Problem details
A single number is expected: the count of lines in the entries below that contain "Toyota".

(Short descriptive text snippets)
◇ ◇ ◇ ◇ ◇

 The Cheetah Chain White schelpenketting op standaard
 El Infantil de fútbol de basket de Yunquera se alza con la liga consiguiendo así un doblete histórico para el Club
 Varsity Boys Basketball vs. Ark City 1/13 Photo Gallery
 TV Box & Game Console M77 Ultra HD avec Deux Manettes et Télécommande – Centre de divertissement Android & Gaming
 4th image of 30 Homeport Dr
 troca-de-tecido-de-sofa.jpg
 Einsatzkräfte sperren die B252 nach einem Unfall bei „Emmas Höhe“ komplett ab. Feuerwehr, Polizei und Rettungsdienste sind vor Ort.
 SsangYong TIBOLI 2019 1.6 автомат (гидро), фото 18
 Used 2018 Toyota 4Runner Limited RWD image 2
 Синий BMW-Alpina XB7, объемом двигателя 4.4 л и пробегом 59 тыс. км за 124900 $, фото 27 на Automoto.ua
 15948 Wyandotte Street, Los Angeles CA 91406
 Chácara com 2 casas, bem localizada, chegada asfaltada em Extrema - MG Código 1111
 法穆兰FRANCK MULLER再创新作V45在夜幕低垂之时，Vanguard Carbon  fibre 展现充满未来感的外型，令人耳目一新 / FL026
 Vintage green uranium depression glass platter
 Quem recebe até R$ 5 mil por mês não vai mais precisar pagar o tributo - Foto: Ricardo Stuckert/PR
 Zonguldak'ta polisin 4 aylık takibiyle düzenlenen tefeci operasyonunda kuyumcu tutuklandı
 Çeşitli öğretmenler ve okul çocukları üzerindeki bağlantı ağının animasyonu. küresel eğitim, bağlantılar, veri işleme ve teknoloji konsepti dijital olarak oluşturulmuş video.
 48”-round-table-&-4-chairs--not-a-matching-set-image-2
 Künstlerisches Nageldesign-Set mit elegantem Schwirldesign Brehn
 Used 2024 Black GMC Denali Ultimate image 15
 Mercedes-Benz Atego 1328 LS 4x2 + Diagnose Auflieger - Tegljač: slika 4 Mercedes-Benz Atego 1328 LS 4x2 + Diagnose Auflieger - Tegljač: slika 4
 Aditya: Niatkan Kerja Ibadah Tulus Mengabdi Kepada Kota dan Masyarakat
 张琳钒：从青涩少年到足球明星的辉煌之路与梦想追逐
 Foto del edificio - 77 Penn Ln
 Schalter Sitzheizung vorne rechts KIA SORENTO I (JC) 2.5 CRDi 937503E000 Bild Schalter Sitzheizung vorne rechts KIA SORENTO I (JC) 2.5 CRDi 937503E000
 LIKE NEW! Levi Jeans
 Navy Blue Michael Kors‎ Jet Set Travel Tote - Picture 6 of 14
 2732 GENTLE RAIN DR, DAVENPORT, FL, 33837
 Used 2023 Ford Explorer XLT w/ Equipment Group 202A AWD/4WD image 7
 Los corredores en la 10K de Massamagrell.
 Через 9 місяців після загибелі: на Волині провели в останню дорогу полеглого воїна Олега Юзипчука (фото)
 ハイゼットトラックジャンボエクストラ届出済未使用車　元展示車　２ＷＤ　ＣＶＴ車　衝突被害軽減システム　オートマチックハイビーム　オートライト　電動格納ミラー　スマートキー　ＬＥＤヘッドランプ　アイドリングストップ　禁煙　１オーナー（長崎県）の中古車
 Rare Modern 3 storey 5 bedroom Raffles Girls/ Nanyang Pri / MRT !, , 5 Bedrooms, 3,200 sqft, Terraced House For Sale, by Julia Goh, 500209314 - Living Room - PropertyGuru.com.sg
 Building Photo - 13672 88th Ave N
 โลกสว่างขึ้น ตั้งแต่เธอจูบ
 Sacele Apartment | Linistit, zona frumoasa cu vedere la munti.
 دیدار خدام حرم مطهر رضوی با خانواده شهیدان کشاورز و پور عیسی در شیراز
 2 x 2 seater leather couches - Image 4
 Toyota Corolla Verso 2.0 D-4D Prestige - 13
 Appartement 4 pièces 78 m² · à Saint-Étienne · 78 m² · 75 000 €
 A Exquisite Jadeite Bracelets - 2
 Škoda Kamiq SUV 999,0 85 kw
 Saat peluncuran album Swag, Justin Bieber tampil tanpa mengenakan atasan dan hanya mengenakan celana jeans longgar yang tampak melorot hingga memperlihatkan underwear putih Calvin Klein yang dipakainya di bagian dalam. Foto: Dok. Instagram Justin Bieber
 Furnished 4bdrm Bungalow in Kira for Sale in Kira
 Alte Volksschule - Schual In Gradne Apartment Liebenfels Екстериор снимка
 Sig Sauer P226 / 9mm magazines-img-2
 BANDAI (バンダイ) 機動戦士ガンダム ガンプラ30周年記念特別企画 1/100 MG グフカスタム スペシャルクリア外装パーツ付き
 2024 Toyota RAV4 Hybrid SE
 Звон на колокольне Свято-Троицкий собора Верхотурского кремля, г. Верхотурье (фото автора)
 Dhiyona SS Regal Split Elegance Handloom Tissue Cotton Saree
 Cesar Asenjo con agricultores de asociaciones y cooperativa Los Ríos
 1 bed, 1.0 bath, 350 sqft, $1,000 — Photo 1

◇ ◇ ◇ ◇ ◇

Solution to this task
3